**Exercise requirements**
Word for word, restate the listing that follows and leave out the images.

○ ○ ○

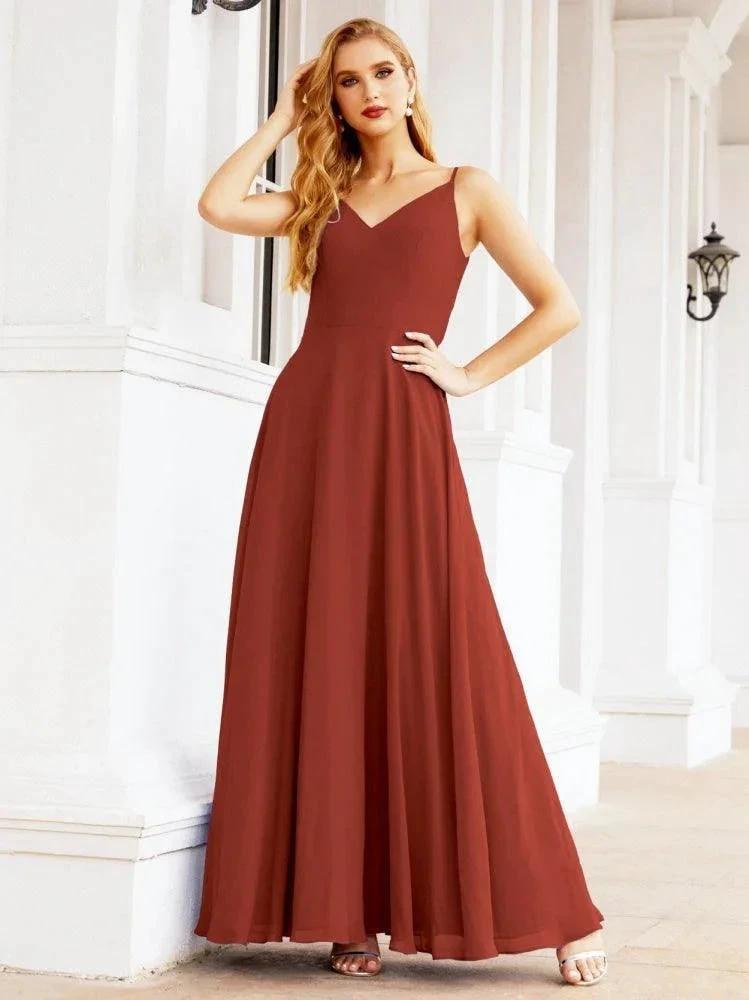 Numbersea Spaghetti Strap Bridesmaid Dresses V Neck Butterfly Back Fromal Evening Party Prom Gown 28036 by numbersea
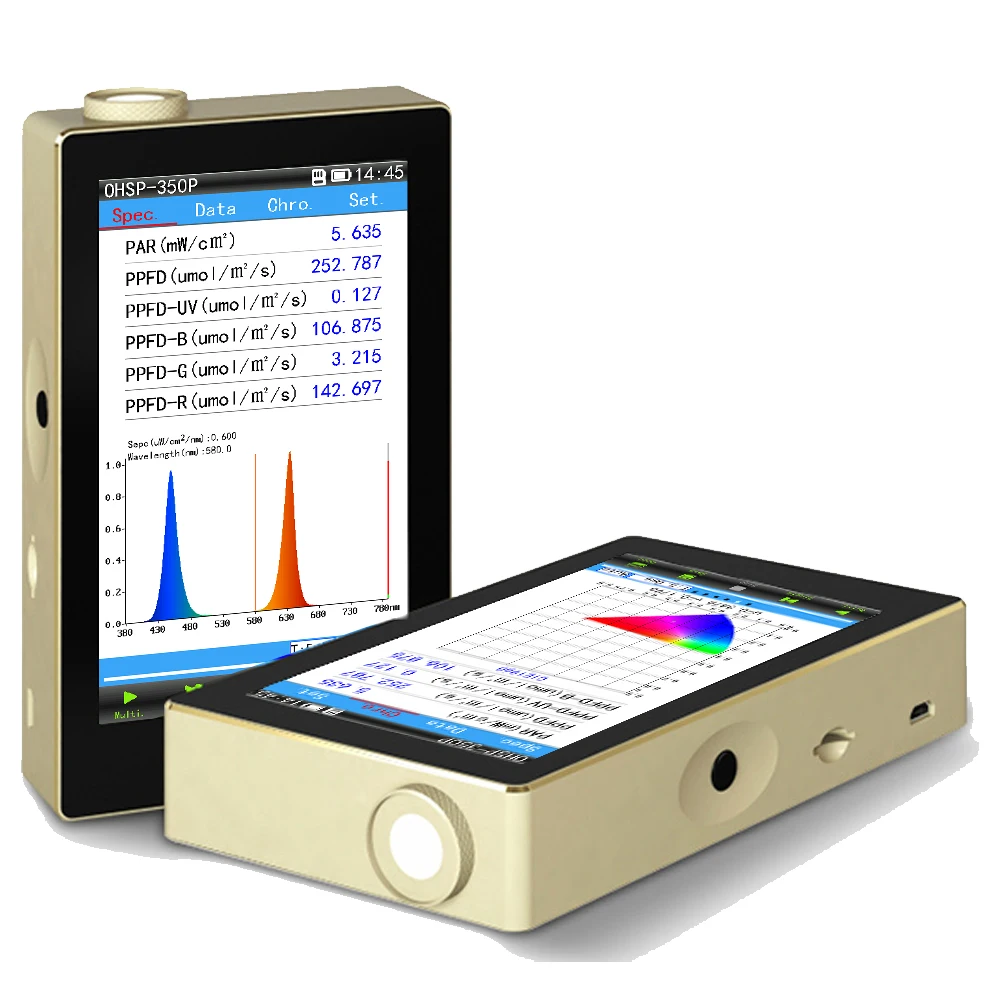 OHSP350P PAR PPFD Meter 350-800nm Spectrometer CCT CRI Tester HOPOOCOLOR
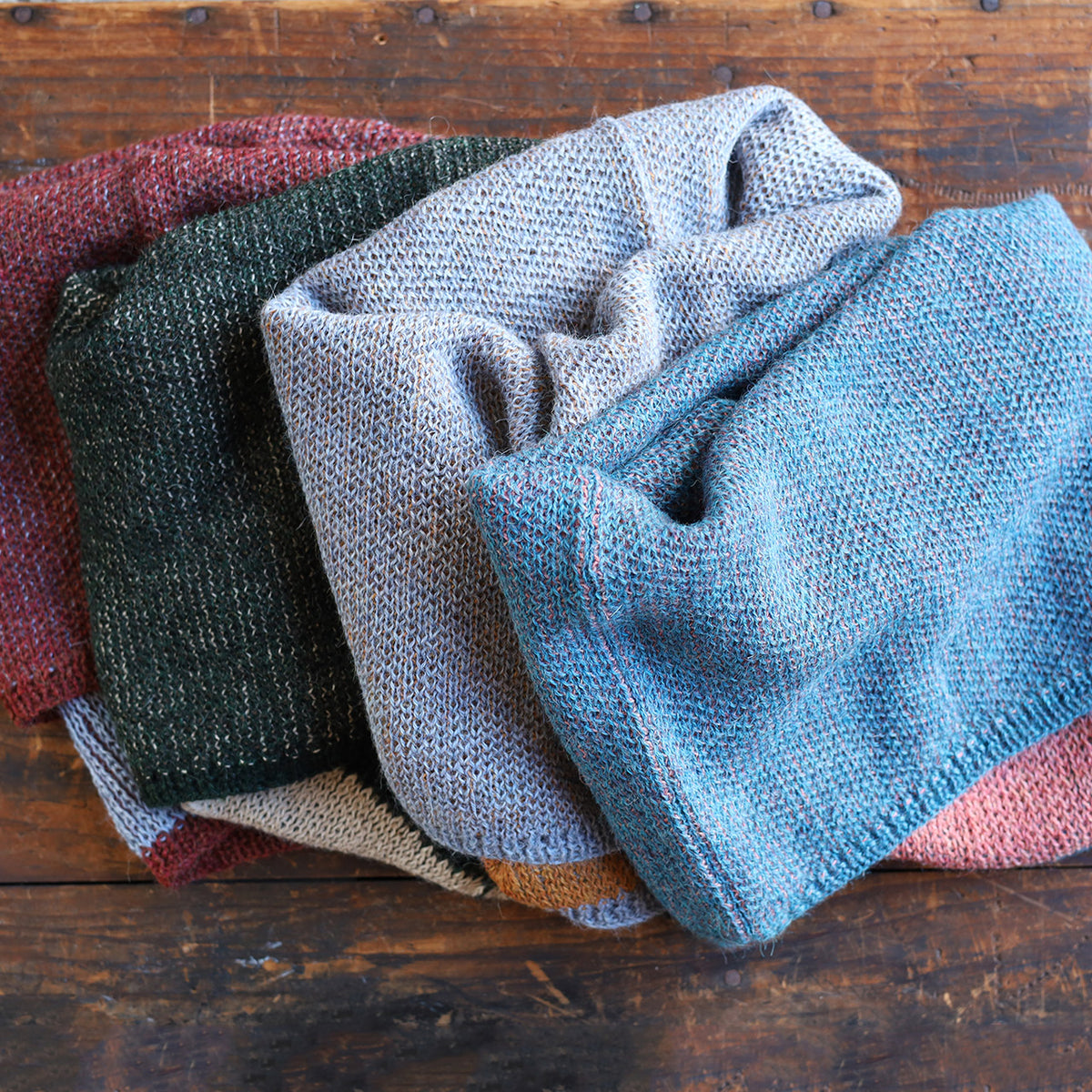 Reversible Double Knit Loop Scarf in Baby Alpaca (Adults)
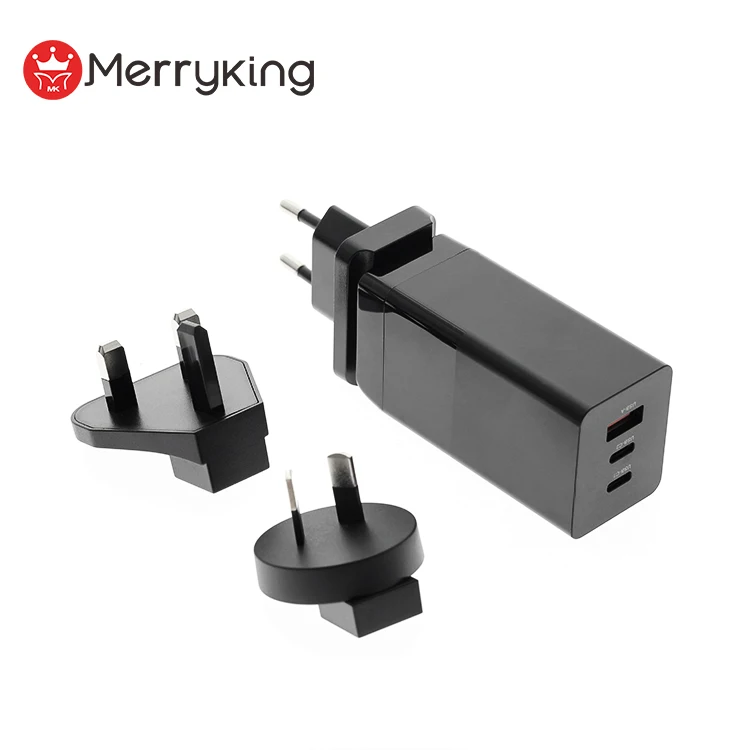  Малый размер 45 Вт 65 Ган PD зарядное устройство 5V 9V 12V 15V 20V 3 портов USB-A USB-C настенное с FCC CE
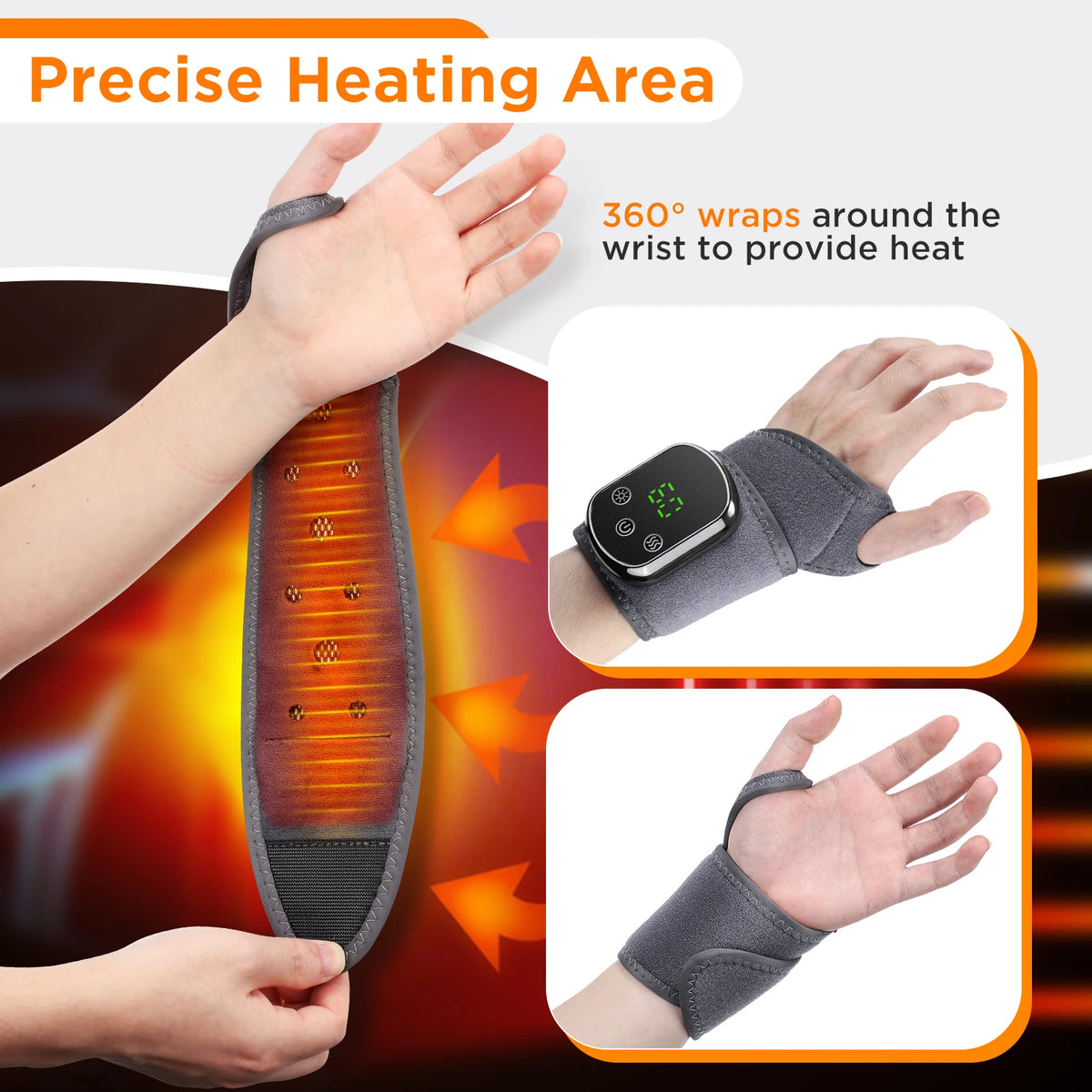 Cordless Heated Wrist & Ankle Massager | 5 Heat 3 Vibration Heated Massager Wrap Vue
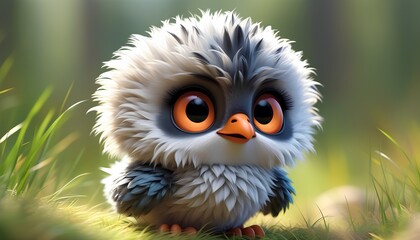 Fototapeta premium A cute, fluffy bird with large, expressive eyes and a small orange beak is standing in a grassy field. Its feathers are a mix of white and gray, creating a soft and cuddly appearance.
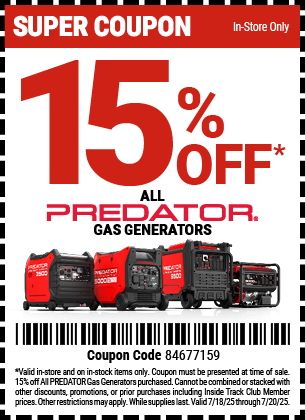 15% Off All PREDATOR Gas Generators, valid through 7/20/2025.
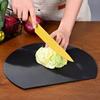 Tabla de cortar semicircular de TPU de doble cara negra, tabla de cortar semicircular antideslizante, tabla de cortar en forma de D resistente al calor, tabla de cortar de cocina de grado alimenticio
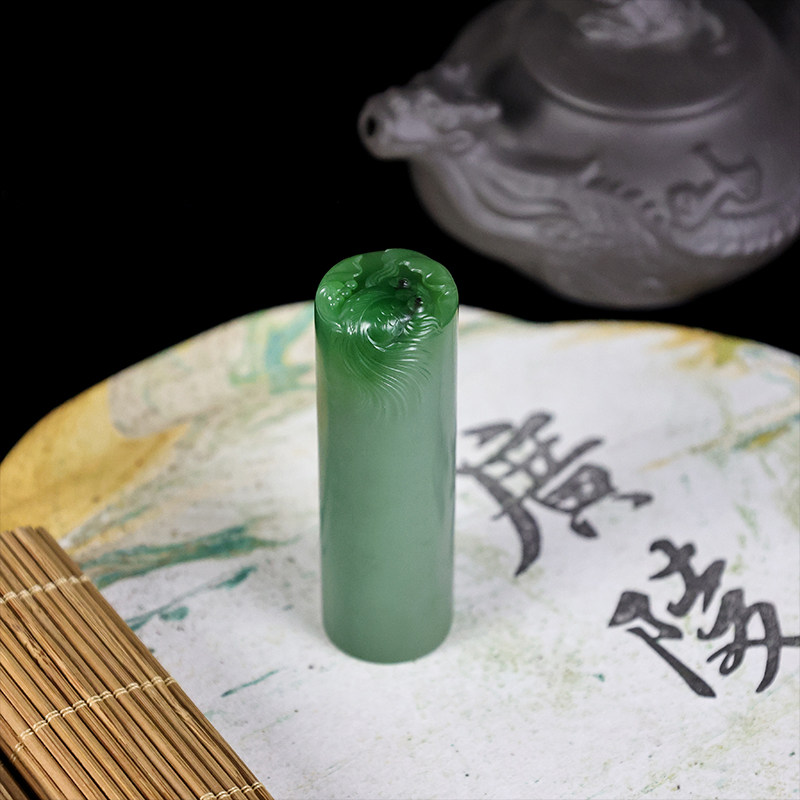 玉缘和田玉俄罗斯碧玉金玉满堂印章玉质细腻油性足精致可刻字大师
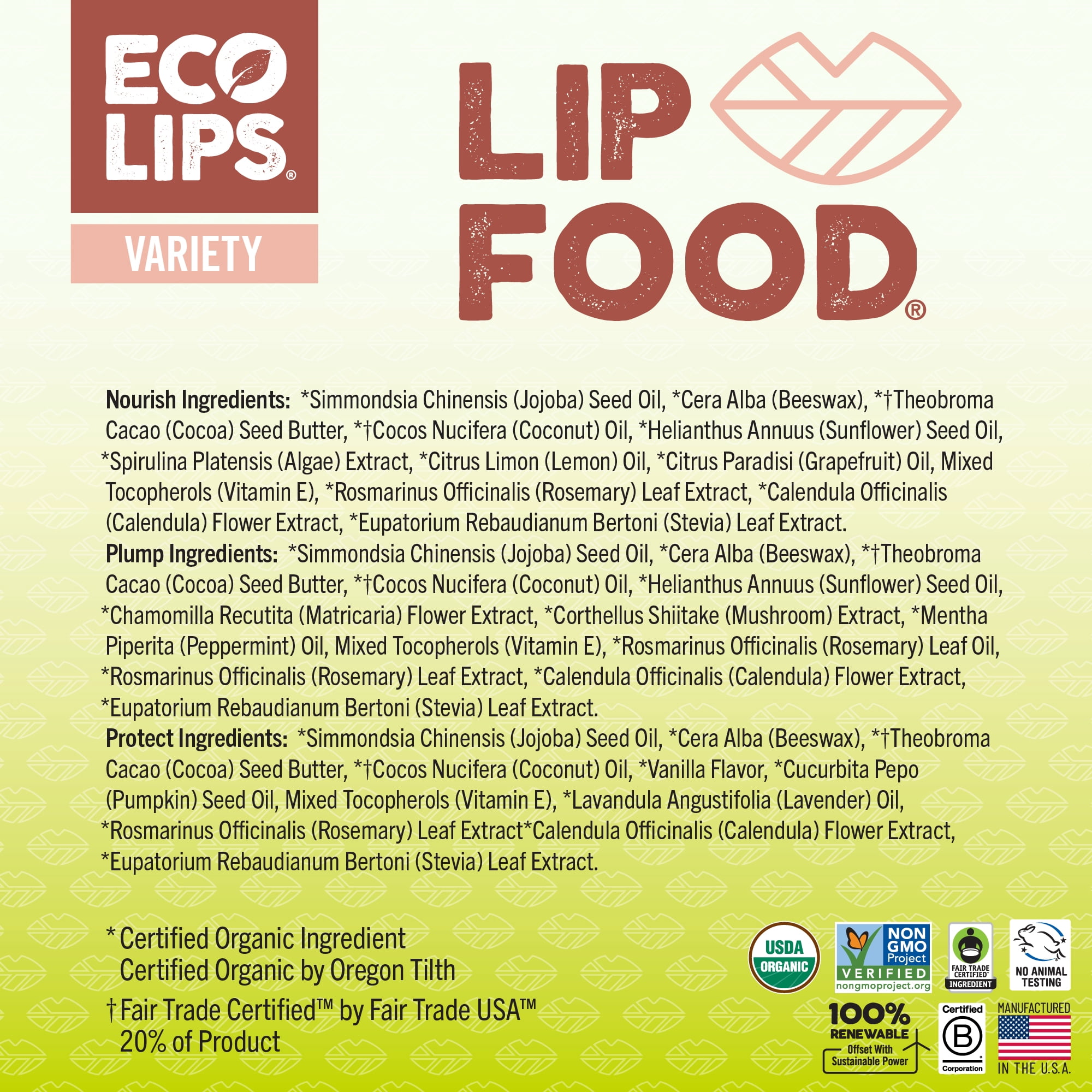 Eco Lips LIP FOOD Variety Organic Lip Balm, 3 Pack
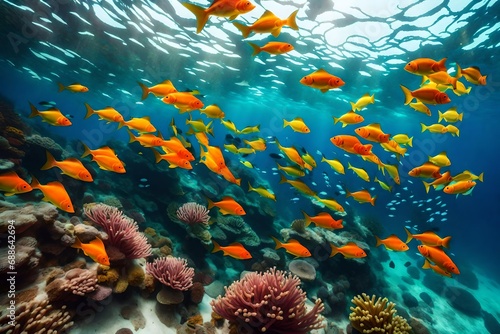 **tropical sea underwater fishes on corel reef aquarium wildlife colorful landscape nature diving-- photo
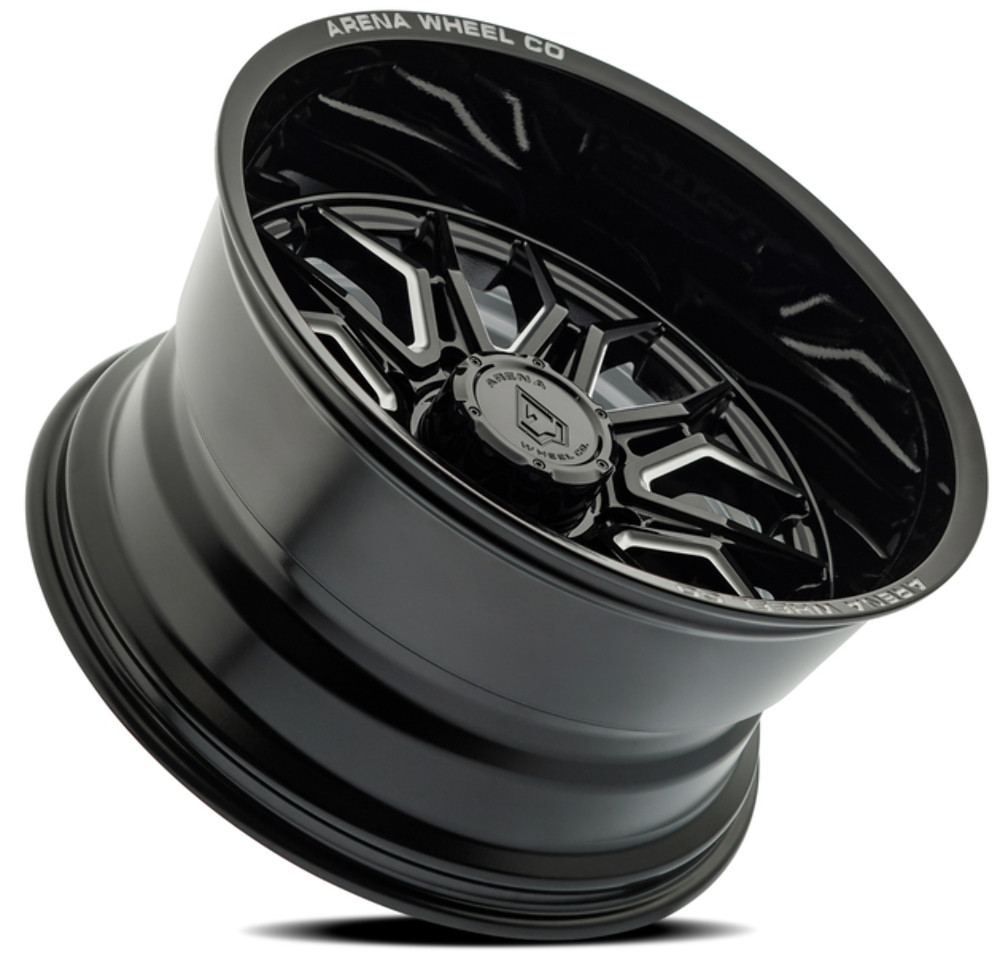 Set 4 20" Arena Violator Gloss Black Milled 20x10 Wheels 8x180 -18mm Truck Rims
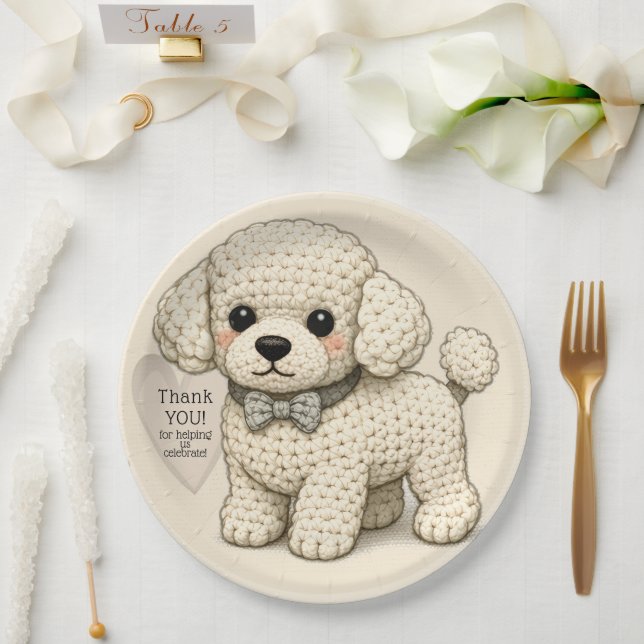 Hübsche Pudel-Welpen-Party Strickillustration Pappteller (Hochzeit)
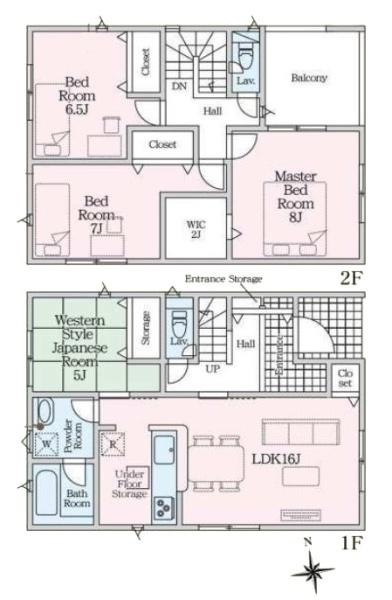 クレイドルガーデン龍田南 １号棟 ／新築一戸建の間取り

○ ○ ○

**Written response**
 Numbersea Spaghetti Strap Bridesmaid Dresses V Neck Butterfly Back Fromal Evening Party Prom Gown 28036 by numbersea
 OHSP350P PAR PPFD Meter 350-800nm Spectrometer CCT CRI Tester HOPOOCOLOR
 Reversible Double Knit Loop Scarf in Baby Alpaca (Adults)
  Малый размер 45 Вт 65 Ган PD зарядное устройство 5V 9V 12V 15V 20V 3 портов USB-A USB-C настенное с FCC CE
 Cordless Heated Wrist & Ankle Massager | 5 Heat 3 Vibration Heated Massager Wrap Vue
 Fototapeta premium A cute, fluffy bird with large, expressive eyes and a small orange beak is standing in a grassy field. Its feathers are a mix of white and gray, creating a soft and cuddly appearance.
 15% Off All PREDATOR Gas Generators, valid through 7/20/2025.
 Tabla de cortar semicircular de TPU de doble cara negra, tabla de cortar semicircular antideslizante, tabla de cortar en forma de D resistente al calor, tabla de cortar de cocina de grado alimenticio
 玉缘和田玉俄罗斯碧玉金玉满堂印章玉质细腻油性足精致可刻字大师
 Eco Lips LIP FOOD Variety Organic Lip Balm, 3 Pack
 **tropical sea underwater fishes on corel reef aquarium wildlife colorful landscape nature diving-- photo
 Set 4 20" Arena Violator Gloss Black Milled 20x10 Wheels 8x180 -18mm Truck Rims
 Hübsche Pudel-Welpen-Party Strickillustration Pappteller (Hochzeit)
 クレイドルガーデン龍田南 １号棟 ／新築一戸建の間取り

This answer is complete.